Needs are almost everywhere. Core relief items, including shelter, mats and kitchen sets are needed. There are not enough latrines, which increase the risks of diarrhea. The lack of water is also a problem. In one of the older camps called Melkadida there are two water treatment centers, that allows refugees to receive approximately 15 liters per day per person in that camp. But there are no treated water sources in an older camp called Bokolmanyo and in the new camp called Kobe, which means we have to truck water. This is very expensive and very difficult as road conditions are really bad. There are constant breakdowns and people don't get enough water.

What are your core priorities?

Our main challenge is to work closely with the host governments and make sure that proper systems are in place. In Dollo Ado, the priority is clearly to focus on the situation in Kobe and in the new camp Hilowen that will open soon. We have to make sure we have the proper organization and coordination in place including water, latrines and that the health system is functioning. We are not yet there.

Is there any individual story you remember that encapsulates this situation?

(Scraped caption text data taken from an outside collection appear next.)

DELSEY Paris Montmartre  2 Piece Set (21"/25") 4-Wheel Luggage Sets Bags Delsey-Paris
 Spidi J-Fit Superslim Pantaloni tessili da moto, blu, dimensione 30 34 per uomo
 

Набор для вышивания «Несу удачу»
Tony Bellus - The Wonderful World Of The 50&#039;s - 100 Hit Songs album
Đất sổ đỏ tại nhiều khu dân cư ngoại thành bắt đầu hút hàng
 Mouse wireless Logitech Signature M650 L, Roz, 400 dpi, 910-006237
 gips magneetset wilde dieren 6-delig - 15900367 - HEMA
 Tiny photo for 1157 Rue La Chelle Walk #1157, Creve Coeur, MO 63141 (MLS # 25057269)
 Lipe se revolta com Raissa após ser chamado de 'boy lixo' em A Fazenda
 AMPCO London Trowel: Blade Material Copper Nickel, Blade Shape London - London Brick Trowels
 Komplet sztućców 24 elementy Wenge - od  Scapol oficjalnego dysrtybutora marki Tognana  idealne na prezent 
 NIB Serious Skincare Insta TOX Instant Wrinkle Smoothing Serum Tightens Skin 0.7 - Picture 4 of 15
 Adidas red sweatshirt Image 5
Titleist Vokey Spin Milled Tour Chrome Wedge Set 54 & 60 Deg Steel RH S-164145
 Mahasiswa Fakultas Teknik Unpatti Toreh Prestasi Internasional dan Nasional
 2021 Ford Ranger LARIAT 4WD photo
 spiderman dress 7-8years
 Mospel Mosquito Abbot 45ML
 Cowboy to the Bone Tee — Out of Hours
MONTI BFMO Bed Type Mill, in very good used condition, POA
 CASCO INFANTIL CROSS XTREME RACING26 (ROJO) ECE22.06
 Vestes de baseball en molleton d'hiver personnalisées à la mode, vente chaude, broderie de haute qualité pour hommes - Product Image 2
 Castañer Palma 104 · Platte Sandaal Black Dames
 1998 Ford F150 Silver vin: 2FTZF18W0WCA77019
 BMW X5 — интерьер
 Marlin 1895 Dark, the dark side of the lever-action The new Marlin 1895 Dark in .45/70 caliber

We were doing tour of the camp when a man who had just arrived collapsed in front of us. He was a very old, tall and emaciated man. We all crowded around him to see how we could help. He was brought to the feeding center nearby which was open. The look in his eyes haunted me.

Do you think humanitarian organisations are responding adequately to the current emergency?

For now yes, there is a strong mobilsation but tomorrow, when the attention shifts to inside Somalia, media will lose interest in the refugee situation. We need to continue out work when the media is not there.